For most of us, financing a car will be one of the biggest investments we make.  Aside from a home, we put more time, effort and money into a vehicle purchase than any other item. And rightly so - it’s something that we use most days - travelling to work, ferrying children to school, and getting us to our chosen leisure activities.  For some, driving their car is their chosen leisure activity.  

With such a reliance on vehicles, it can be a real blow when things go wrong with the buying process.  That’s why it’s worth looking at different payment choices to provide the option of a  smaller outlay along with a degree of security. Although the final total paid will be more, finance deals can be the more attractive option for many.  

Indeed, in 2017, over 88% of UK car purchases, to the value of a staggering £44 billion, were completed using some form of finance agreement (FLA - Finance and Leasing Association).  

However, only those with the ability to juggle 0% balance transfers should consider using a credit card for a car purchase. The amounts involved could leave the buyer in serious trouble once interest rates kick in. In fact, many car dealers will either refuse credit cards or only accept part payment from them.

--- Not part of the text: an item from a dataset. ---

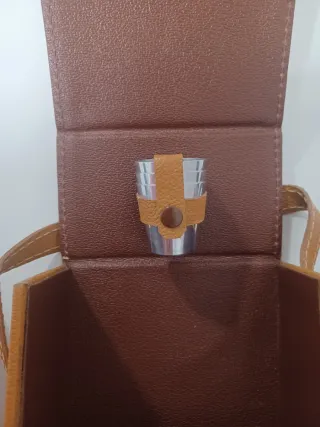 Borsa da viaggio per Cognac e Whisky con bicchieri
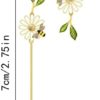 Daisy Earrings Dangle Chain for Women Teen Girls Daisy Flowers Bee Asymmetrical Tassel Earrings Eardrop Multiple Piercing Earrings Set for Women (Beige-D, One Size) - Image 6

Far more sensible are the two main finance options available to car buyers - Hire Purchase (HP) or Personal Contract Purchase (PCP).  

With these similar options, the cost of the vehicle (and interest and credit fee) is split into payments over a set period of time (48  months, for example), after which time the buyer owns the car (HP) or has the option of paying off the outstanding value  in order to buy the vehicle (PCP).

 

Aside from the benefits of smaller, more manageable, regular payments, often with little or no deposit, finance agreements with a reputable provider can offer additional advantages to customers over cash payments:With so many benefits of car finance, why would anyone want to use cash?

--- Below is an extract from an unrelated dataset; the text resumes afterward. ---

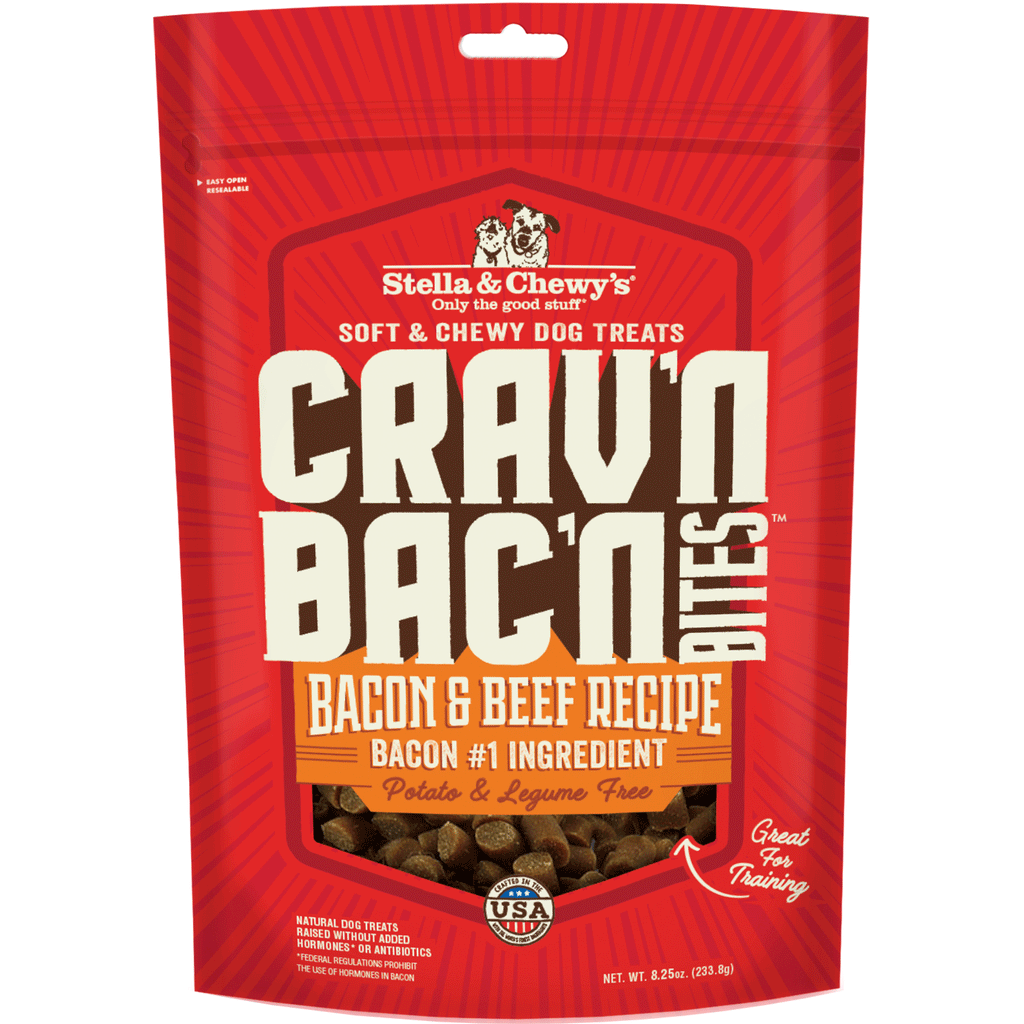 Stella and Chewy's Crav'n Bac'n and Beef Bites Dog Treats - 8.25 oz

  • FOS Assistance - The Financial Ombudsman Service is obliged to help with any purchase involving credit cards, HP or PCP. The FOS can intervene on the buyer’s behalf in any discussions with the dealer concerning vehicle fault or payment disputes.

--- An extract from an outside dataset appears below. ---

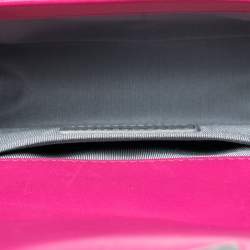 Pre Owned Chanel Fuchsia Quilted Velvet Small Boy Flap Bag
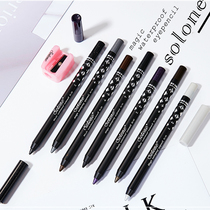 Solone waterproof eyeliner pen eyeliner lasting no dizziness black coffee gold and silver diamond flash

  • Share the Load - Any fault with the vehicle is the joint responsibility of the retailer and the finance provider who is obliged to help remedy problems or even refund payments.  This gives the purchaser two points of contact for grievances.

  • Cutting Losses - The vehicle can be returned to the finance company (Voluntary Termination - VT) without affecting credit ratings at any stage, once a certain proportion (usually 50%) of the total cost has been paid off.  This can be a great help in preventing arrears or default on payments.

  • Protection for Businesses Too - The FOS can now also step in where complications arise concerning finance contracts between vehicle dealers and small businesses or Micro Enterprises.  As long as the organisation has fewer than 10 employees and a turnover equivalent to no more than €2 million, the FOS is obliged to respond to complaints just as it would with consumer agreements.